Primitive elvish
(ñ)gil
root. shine (white); silver glint; white or silver light
Changes
GIL→ NGIL ✧ PE17/022GIL→ ÑGIL ✧ PE17/023Derivatives
- ✶gilyā “silver spark” ✧ PE17/152
- S. gil “star; (bright) spark, silver glint, twinkle of light” ✧ PE17/152
- ✶ñgillē “silver glint” ✧ PE17/023; PE17/023
- Q. nillë “silver glint; Valinorian imagines [images of real stars]”
- Q. ilca- “to gleam (white)”
- Q. Ilma “Starlight”
- Q. nillë “silver glint; Valinorian imagines [images of real stars]” ✧ MR/388; PE17/022; PE17/022
- S. gil “star; (bright) spark, silver glint, twinkle of light” ✧ MR/388; PE17/022; PE17/152
- ᴺS. gil- “to gleam, shine pale and silver (as of the moon [or stars])”
Element in
- ✶Gillingalati “radiant stars, Gil-galad” ✧ PE17/152
- S. Gilthoniel “Star-kindler” ✧ MR/388
Variations
- gil ✧ Let/278; PE17/050
- GIL ✧ PE17/022 (
GIL); PE17/023 (GIL); PE17/069; PE17/152; PE17/153- kil ✧ PE17/050
This root was the basis for Elvish words for stars and starlight, especially in the Sindarin branch of the Elvish languages.

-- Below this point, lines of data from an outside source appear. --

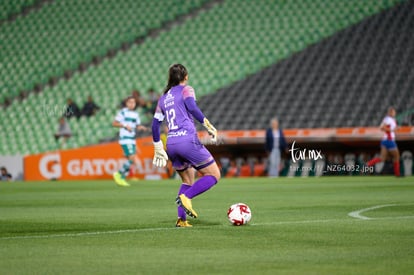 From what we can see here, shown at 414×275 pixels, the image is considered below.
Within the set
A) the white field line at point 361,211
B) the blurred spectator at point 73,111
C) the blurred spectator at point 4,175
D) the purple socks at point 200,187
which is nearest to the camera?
the purple socks at point 200,187

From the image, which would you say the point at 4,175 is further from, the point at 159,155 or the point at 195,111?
the point at 195,111

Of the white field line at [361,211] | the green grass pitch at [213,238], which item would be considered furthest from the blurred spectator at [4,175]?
the white field line at [361,211]

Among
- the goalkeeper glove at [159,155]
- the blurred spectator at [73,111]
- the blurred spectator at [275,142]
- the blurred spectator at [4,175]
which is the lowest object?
the blurred spectator at [4,175]

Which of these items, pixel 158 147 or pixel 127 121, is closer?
pixel 158 147

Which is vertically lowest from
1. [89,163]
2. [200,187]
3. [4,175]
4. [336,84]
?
[4,175]

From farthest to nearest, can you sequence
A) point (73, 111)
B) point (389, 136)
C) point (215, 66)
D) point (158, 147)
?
point (215, 66), point (73, 111), point (389, 136), point (158, 147)

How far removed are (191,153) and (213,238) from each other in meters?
1.49

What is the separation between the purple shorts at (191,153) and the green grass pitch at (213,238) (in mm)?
787

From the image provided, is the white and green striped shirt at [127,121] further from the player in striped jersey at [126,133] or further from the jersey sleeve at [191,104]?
the jersey sleeve at [191,104]

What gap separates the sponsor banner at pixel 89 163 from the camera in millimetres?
28828

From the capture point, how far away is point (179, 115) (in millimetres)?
9836

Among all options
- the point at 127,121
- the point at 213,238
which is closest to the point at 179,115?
the point at 213,238

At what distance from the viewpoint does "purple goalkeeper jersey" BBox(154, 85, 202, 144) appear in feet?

It first appeared as ᴱ√Gil- in the Gnomish Lexicon of the 1910s with derivatives like G. gil- “gleam”, G. giltha “white metal, †silver”, and (probably) G. gail “star” (GL/37-38). Its Early Qenya derivatives were ᴱQ. ilsa “mystic name of silver” (QL/42) and ᴱQ. īle “star” (GL/37), indicating the true form of the root was probably ᴱ√ƷILI, since initial voiced stops were unvoiced in Early Qenya, so that ancient ✱gīle would become ✱✱kíle, not íle.
This root appeared as ᴹ√GIL “shine (white or pale)” in The Etymologies of the 1930s with derivatives like N. geil “star” and ᴹQ. Ilma “Starlight” (Ety/GIL). The root regularly appeared in this unstrengthened form in Tolkien’s later writing, for example as √GIL “shine (white)” in a 1955 letter to David Masson (PE17/152) or as gil “white or silver light” in a 1958 letter to Rhona Beare (Let/278). In one place Tolkien considered giving it a kil- variant, analogous to √GAL vs. √KAL for “(golden) light” (PE17/50), but that seems to have been a transient idea. In other notes dating to the late 1950s Tolkien gave the root in strengthened form as √NGIL “silver glint” (MR/388; PE17/22) and also √GIL >> √ÑGIL as the basis for the initial element of the name S. Gil-galad (PE17/23).
Neo-Eldarin: For purposes of Neo-Eldarin, I think it is best to assume the root was originally unstrengthened √GIL, but was sometimes strengthened to √ÑGIL to produce words like Q. ñille “silver glint”.